▸ Work required:
Look below for the line with "1321-1321 NW Hoyt"; begin the copy there and stop after the line with "làm HUB 2025", keeping the text exact and the pictures out.

▸ Study material:

^^^^^^^^^^^^^^^^

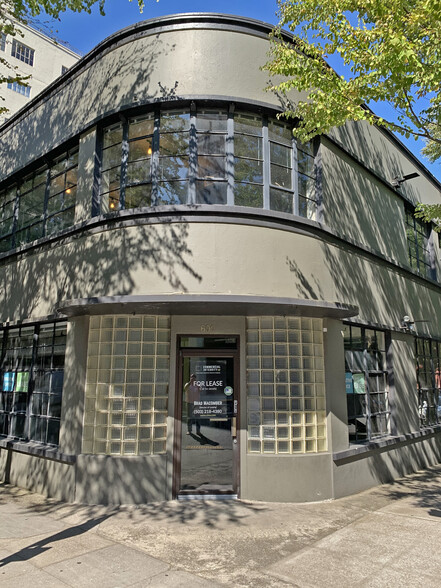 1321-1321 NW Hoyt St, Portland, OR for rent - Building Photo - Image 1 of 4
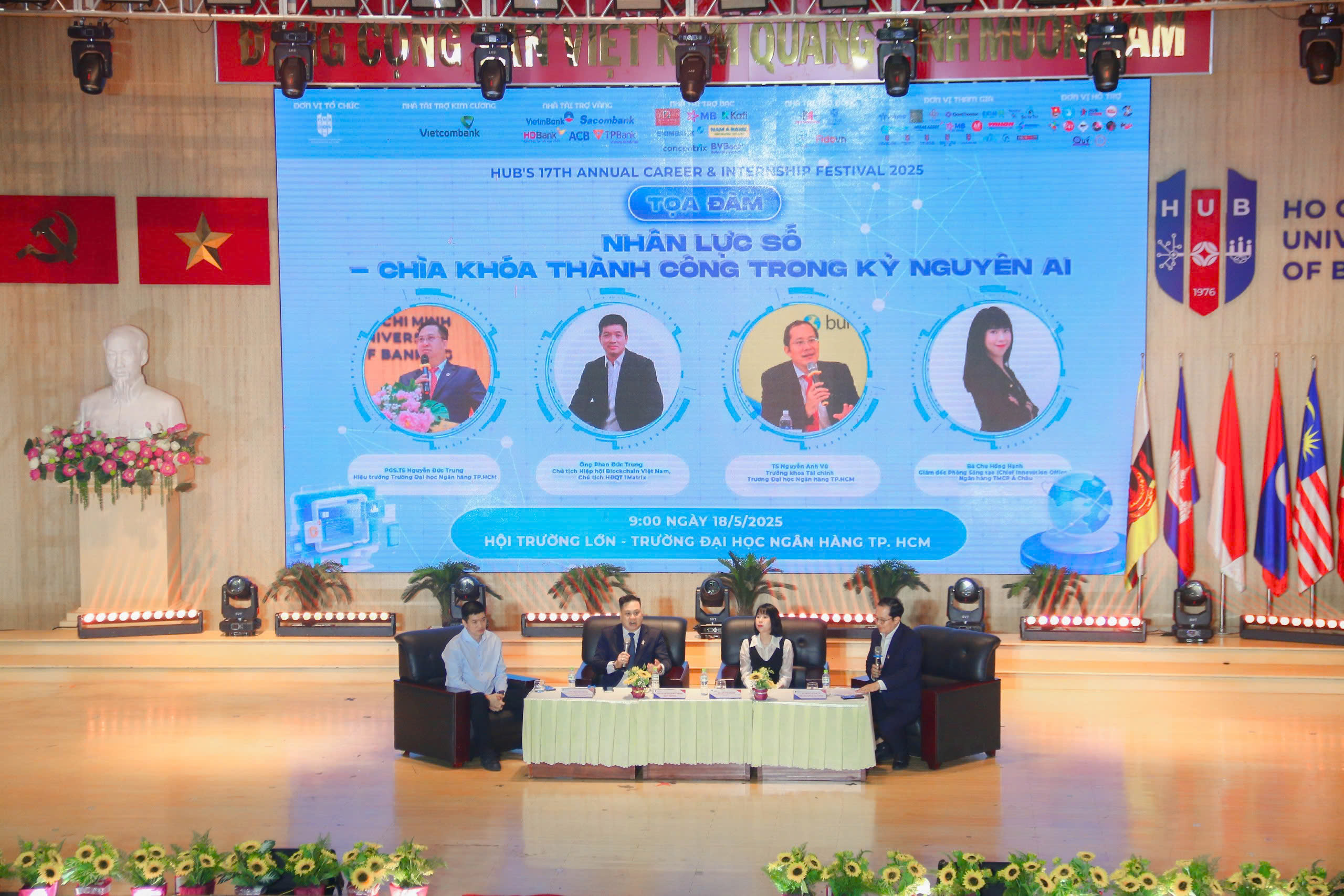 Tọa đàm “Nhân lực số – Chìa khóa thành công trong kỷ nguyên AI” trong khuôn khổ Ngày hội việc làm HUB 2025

^^^^^^^^^^^^^^^^

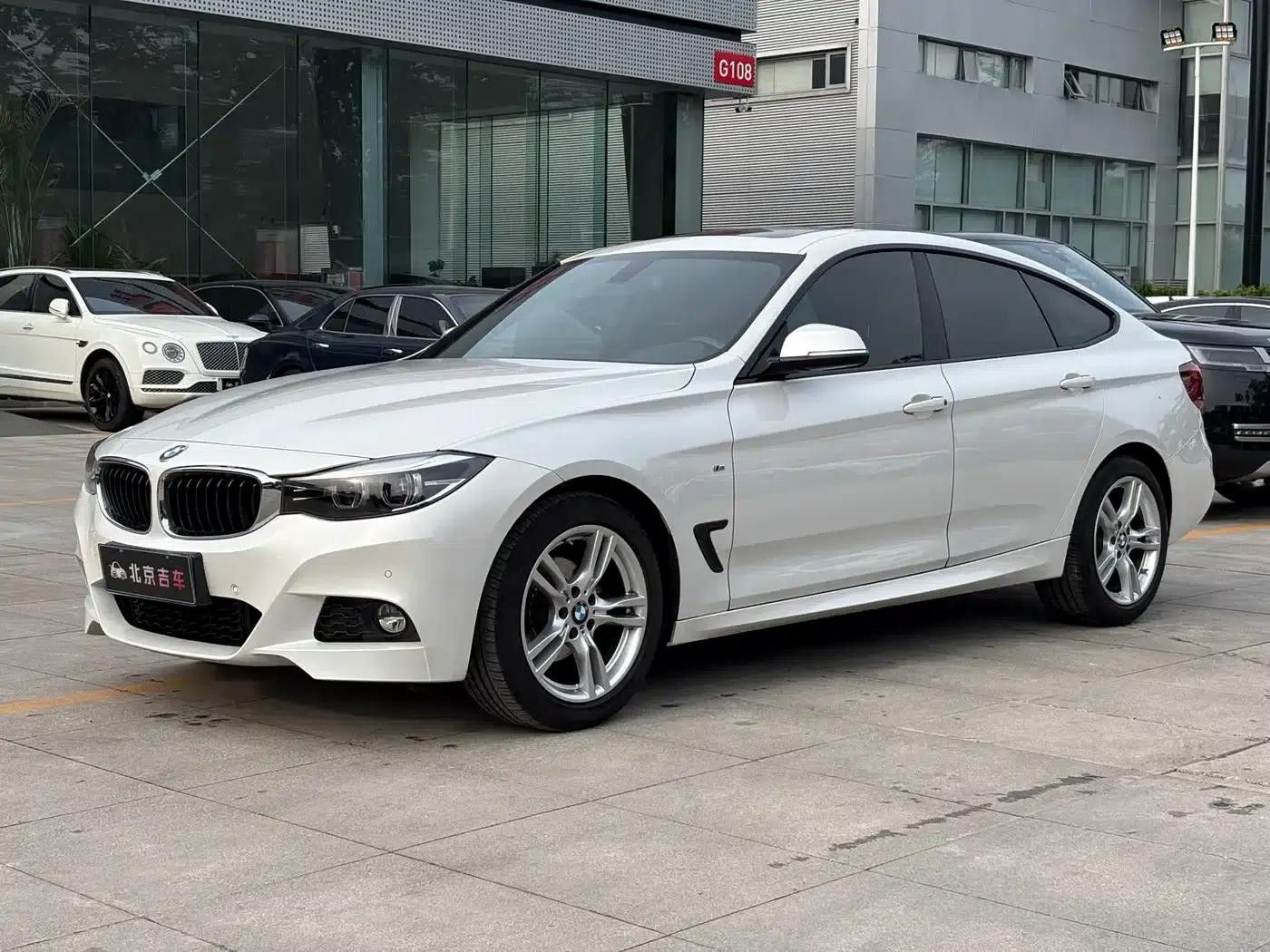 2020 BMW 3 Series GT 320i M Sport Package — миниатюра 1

^^^^^^^^^^^^^^^^

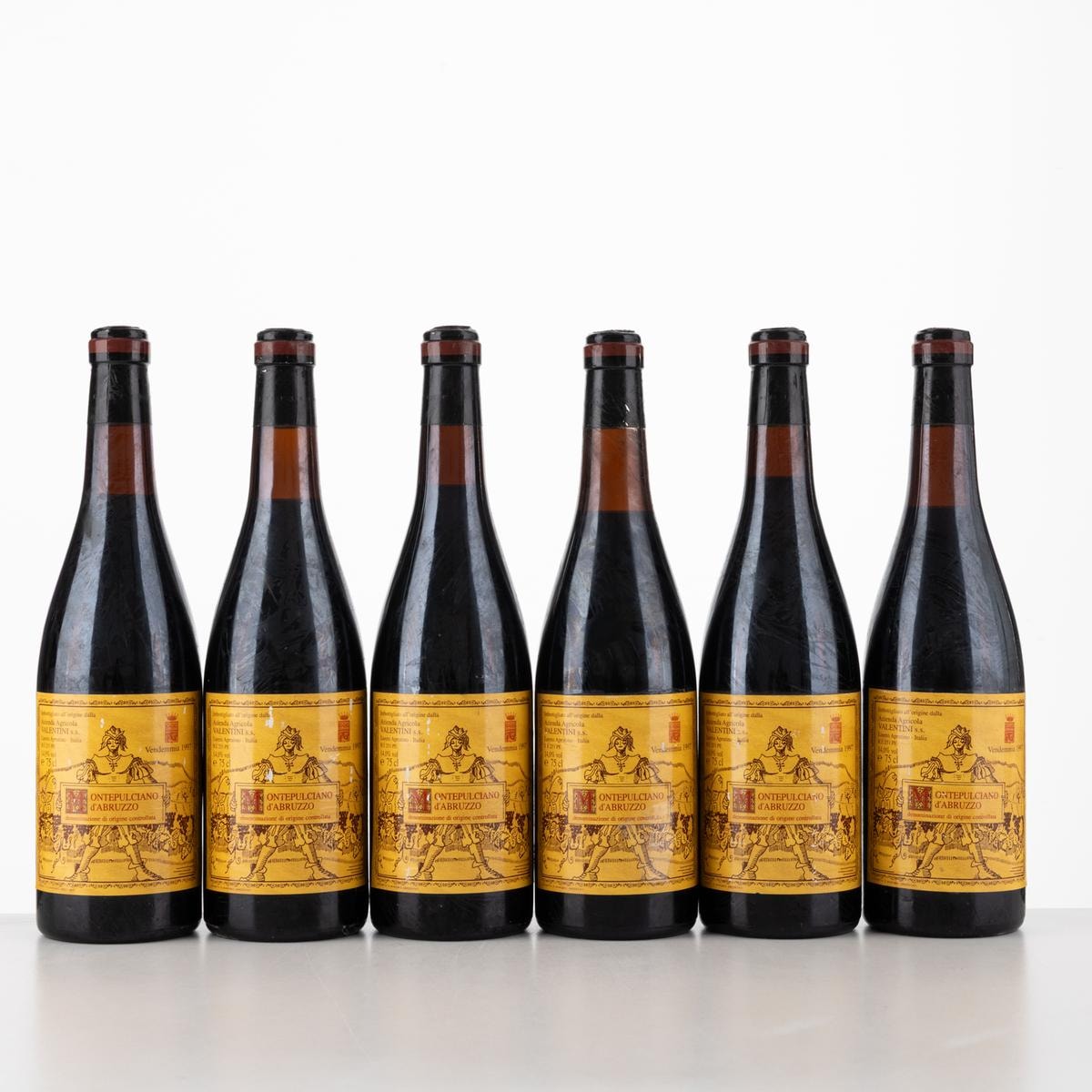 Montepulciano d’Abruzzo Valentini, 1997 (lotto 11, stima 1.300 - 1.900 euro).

^^^^^^^^^^^^^^^^

▸ Output of the exercise:
 1321-1321 NW Hoyt St, Portland, OR for rent - Building Photo - Image 1 of 4
 Tọa đàm “Nhân lực số – Chìa khóa thành công trong kỷ nguyên AI” trong khuôn khổ Ngày hội việc làm HUB 2025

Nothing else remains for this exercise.